Ainsi, il y a dans cette première moitié de série une certaine finesse, une certaine retenue autour des deux personnages principaux, alors même qu'on les sent bien troublés et c'est quelque chose qui est d'autant mieux cristallisé dès lors que tous deux, sur impulsion de Hajime, s'offrent quelques escapades épanouissantes hors du bâtiment, pour que l'adolescent vive des moments de bonheur qu'il n'a jamais vraiment connus en famille. Si bien qu'on s'attache assez aisément à ce binôme, et qu'on s'interroge forcément sur leur avenir commun. Que cache exactement Hirose pour être ainsi pourchassé ? Et que deviendront les sentiments amoureux de Hajime dans cette situation un peu dramatique où une relation sentimentale semble peu probable ?

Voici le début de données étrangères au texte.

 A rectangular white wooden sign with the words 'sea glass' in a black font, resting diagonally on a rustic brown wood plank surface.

Pour porter son histoire, Ito Agata peut compter sur son dessin franchement ravissant. Si ses décors, bien que très présents et immersifs quand il le faut, proviennent généralement de photos un peu retravaillées, la mangaka en tire fort bien parti, en particulier pour les cadres intérieurs comme celui du bâtiment délabré qui amènent une vraie atmosphère assez intime. C'est néanmoins dans ses designs de personnages que l'autrice brille le plus, en offrant des visages travaillés, assez profonds notamment au niveau de certains regards, et à l'expressivité nuancées.

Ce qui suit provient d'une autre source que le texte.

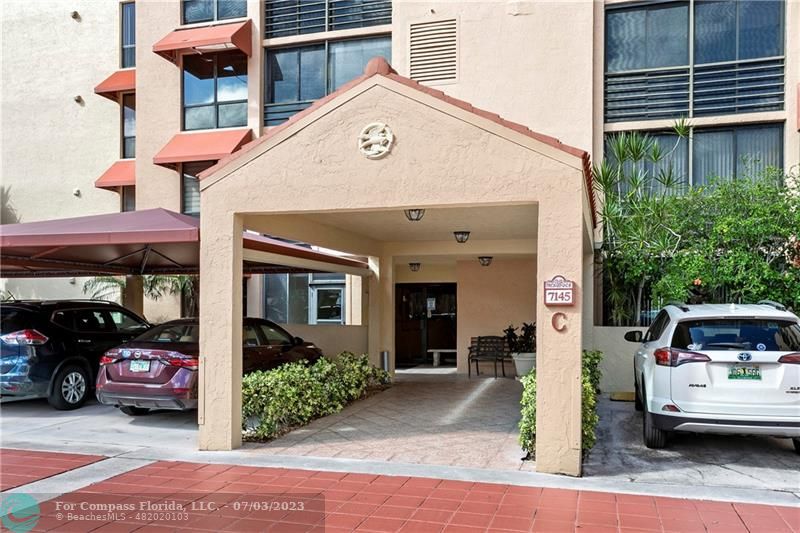 7145 Promenade Drive, Unit 101C Boca Raton, FL 33433 - Photo 21 of 23 a view of a car park in front of building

Finalement, les principales limites viennent plutôt de l'édition française, qui pourra diviser sur deux points: tout d'abord son lettrage par moment trop basique (on pense notamment au "ssh" au tout début du chapitre 4, très mal intégré et débordant de la bulle), puis surtout la tendance à abuser des suffixes japonais parfaitement inutiles ici. Redisons-le encore: laisser des "-sensei", des "-san" ou de "-kun" à tout bout de champ quand ça n'apporte rien de particulier, ça n'a rien à faire dans une traduction française qui se doit d'adapter au mieux ce type d'éléments. Votre serviteur doit bien avouer que ça l'a complètement fait sortir de la lecture à certaines reprises...
Pourtant, si l'on excepte ces détails, la traduction d'Amandine Martel est claire, et le reste de l'édition est convaincant: la jaquette reste proche de l'originale nippone, le papier est assez souple, épais et opaque, et l'impression est d'une qualité tout à fait honorable.